This is a GREAT headlamp. I really love mine. my favorite light.

--Matt


----------



## aileron (Feb 7, 2007)

I replaced the Lux star with a SSC P4 emitter and the optic with an IMS 17mm reflector. Noticeably brighter, and a much more useful beam shape IMHO.
I epoxied a few coins together to make a heatsink, and shaved a hair off the wide end of the IMS17.


----------



## gunga (Feb 8, 2007)

I have an IMS17 in mone as well. Great drop in mod, makes for much more spill. I'm just waiting for a cree star to arrive for the next mod. Should make for much brighter and is an easy swap (once you get the lux star off the diode in the back).

There are better reflectors, but I wasn't sure I wanted to spend $16 for an aluminum reflector...


----------



## ktronik (Feb 8, 2007)

aileron said:


> I replaced the Lux star with a SSC P4 emitter and the optic with an IMS 17mm reflector. Noticeably brighter, and a much more useful beam shape IMHO.
> I epoxied a few coins together to make a heatsink, and shaved a hair off the wide end of the IMS17.




+1... I have done every mod you can do to the EOS...my fav is the above mod...

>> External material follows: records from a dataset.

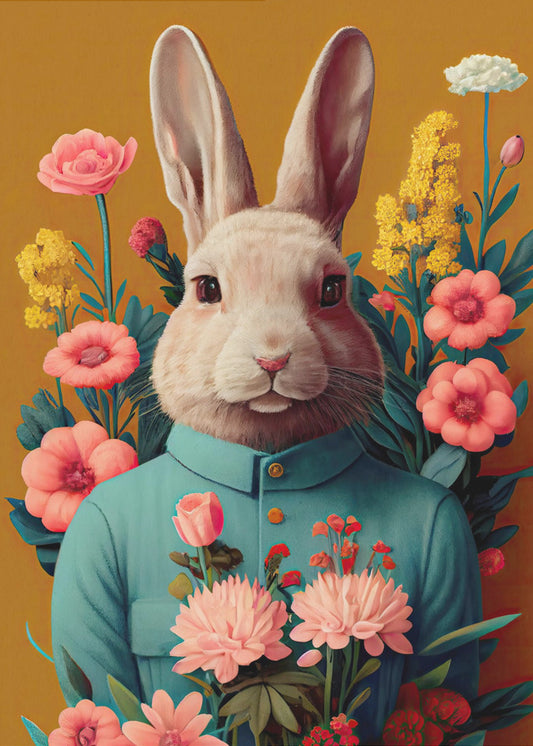 Bunny in Bloom | Canvas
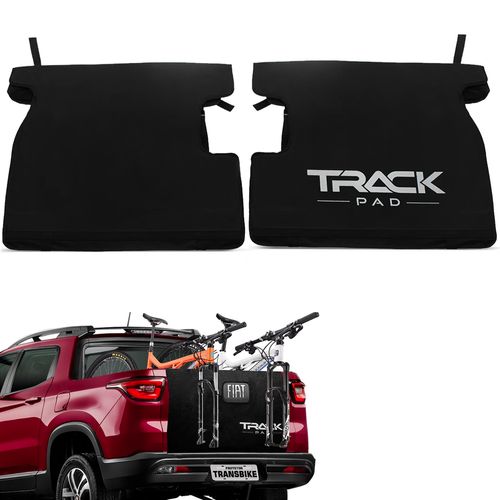 Protetor da Tampa Traseira Fiat Toro 2016 a 2023 Para Bicicleta Track Pad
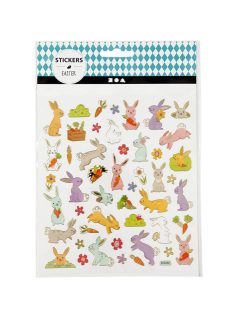 Matrica, nyuszik, 15x17cm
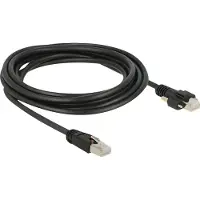 DeLOCK 85669, 3 m, Cat6, S/FTP (S-STP), RJ-45, RJ-45, Musta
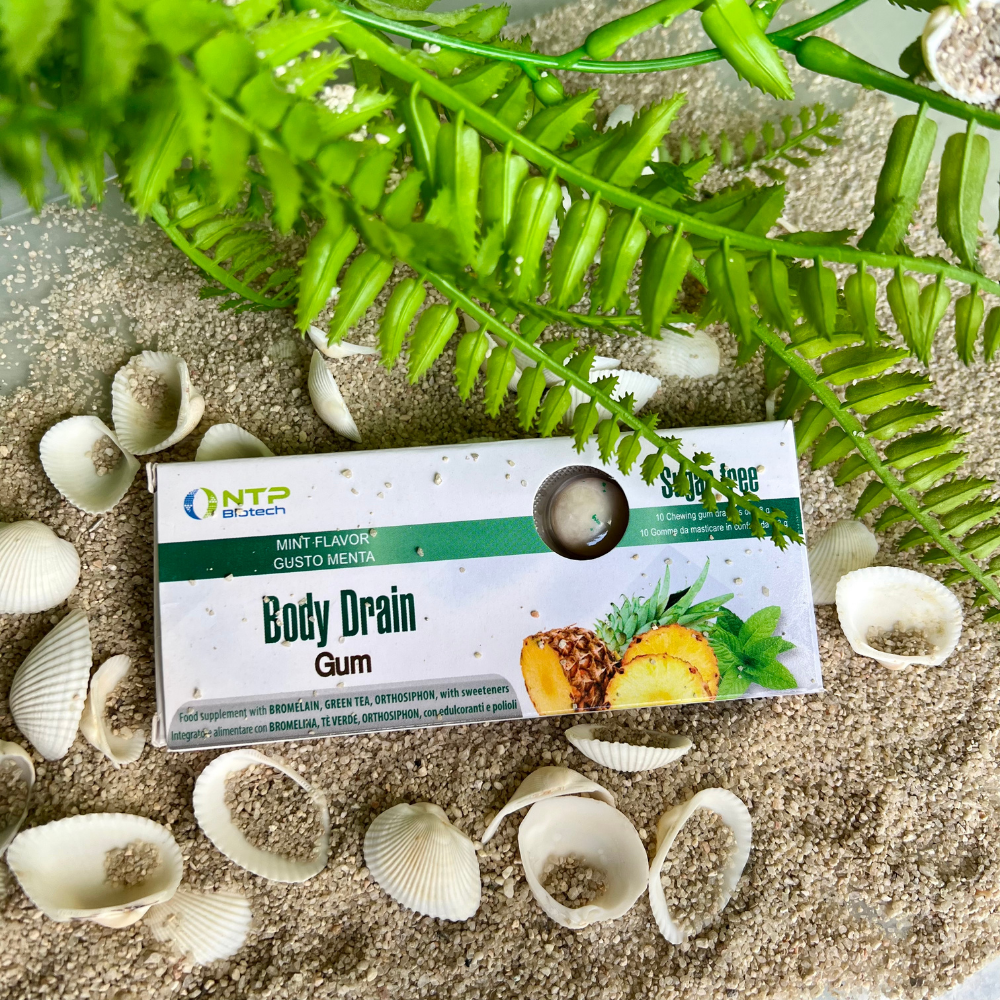 Body Drain Gum - per ritenzione idrica e fame nervosa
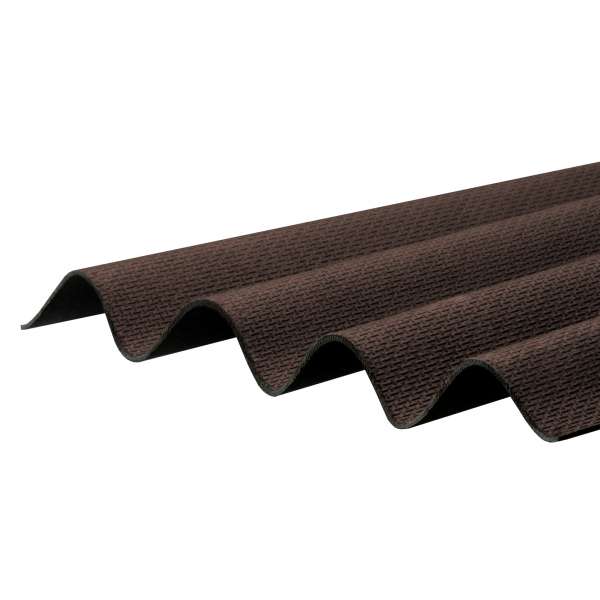 Brown Corrapol-BT Corrugated Bitumen Roofing Sheet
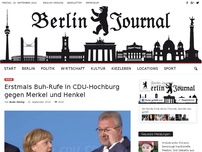 Bild zum Artikel: Erstmals Buh-Rufe in CDU-Hochburg gegen Merkel und Henkel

for ref: Cree EOS & Seoul EOS 

The Seoul has a real 'gummy', soft type of light, which works well for close up stuff...I stippled my IMS17... so its even more soft... now I only use LOW mode, as it is a _heap_ brighter... I also added a 'heatsink' to the eos... a good mod, for the life & brightness of the LED...

Ktronik


----------



## TSD (Feb 8, 2007)

What kind of runtimes do you get with the SSC P4 emitter? What pros and cons does it have compared to the SXOH? Why did you select the IMS17 over the McR-18? And lastly, WHERE would I obtain a SSC P4 emitter? Haha, lots of questions, but I am a newbie, and want to make sure I do it right from the start. Thanks


----------



## ktronik (Feb 9, 2007)

TSD said:


> What kind of runtimes do you get with the SSC P4 emitter? What pros and cons does it have compared to the SXOH? Why did you select the IMS17 over the McR-18? And lastly, WHERE would I obtain a SSC P4 emitter? Haha, lots of questions, but I am a newbie, and want to make sure I do it right from the start. Thanks




Runtimes will be the same but the light will be twice as bright... so you use it on low... then it lasts longer, so twice the runtime...or twice the brightness...

SX0H is about half as bright for the same power...

I have both IMS17 (stippled) & McR-18, both modded for SSC P4...they were so close, that I went for the cheaper option.. (IMS17)

AW / photofantic are selling them at the moment...

Regards

Ktronik


----------



## gunga (Feb 9, 2007)

I have one...

How did you stipple your IMS17?


----------



## TSD (Feb 9, 2007)

Do I need to make a heatsink if I use the SSC P4? If so, what is the best way to go about doing this. Thanks


----------



## ktronik (Feb 9, 2007)

TSD said:


> Do I need to make a heatsink if I use the SSC P4? If so, what is the best way to go about doing this. Thanks




Its called the search button...  search my posts, you will find all the info you are looking for...

Ktronik


----------



## AndyTiedye (Feb 9, 2007)

I this is the post he is talking about:

EOS+XR-E+IMS=2*Kick ***]EOS+XR-E+IMS20 & Seoul+IMS17= 2*Kick ***

Here are some more:

PT Eos Headlamp + ims17 reflector + cree x-re//update-mcr17xr reflector
Modding an EOS with a CREE XR-E
How to Open a PT EOS
EOS Modded With an XRE
McR-18 and the PT EOS
Princeton Tec EOS LED Swap
PT EOS modded
PT EOS Heatsink Mod
PT EOS Modding????
Princeton Tec EOS optic vs IMS reflector *beamshots*
Tec EOS widebeam!

Those are all the EOS mods the "Search" function came up with.


----------



## TSD (Feb 10, 2007)

Thanks, I already purchased my IMS 17, and the SCC P4 is my next order. Can't wait to see the difference!


----------



## ROVER (Feb 10, 2007)

gunga said:


> I have one...
> 
> How did you stipple your IMS17?



Try a search for "sputtering". Basically, you get a can of krylon clear spraypaint, and barely press the buttom so if finely but unevenly throws a tiny bit of clear paint of the otherwise smooth reflector. This is something you should practice on something besides a reflector because it may take several attempts to get it right. Don't do too much. I've ruined more than I've helped using this method, but other more skilled people here have really improved their beam patterns.


----------



## TSD (Feb 12, 2007)

Thanks for all the help/suggestions everyone.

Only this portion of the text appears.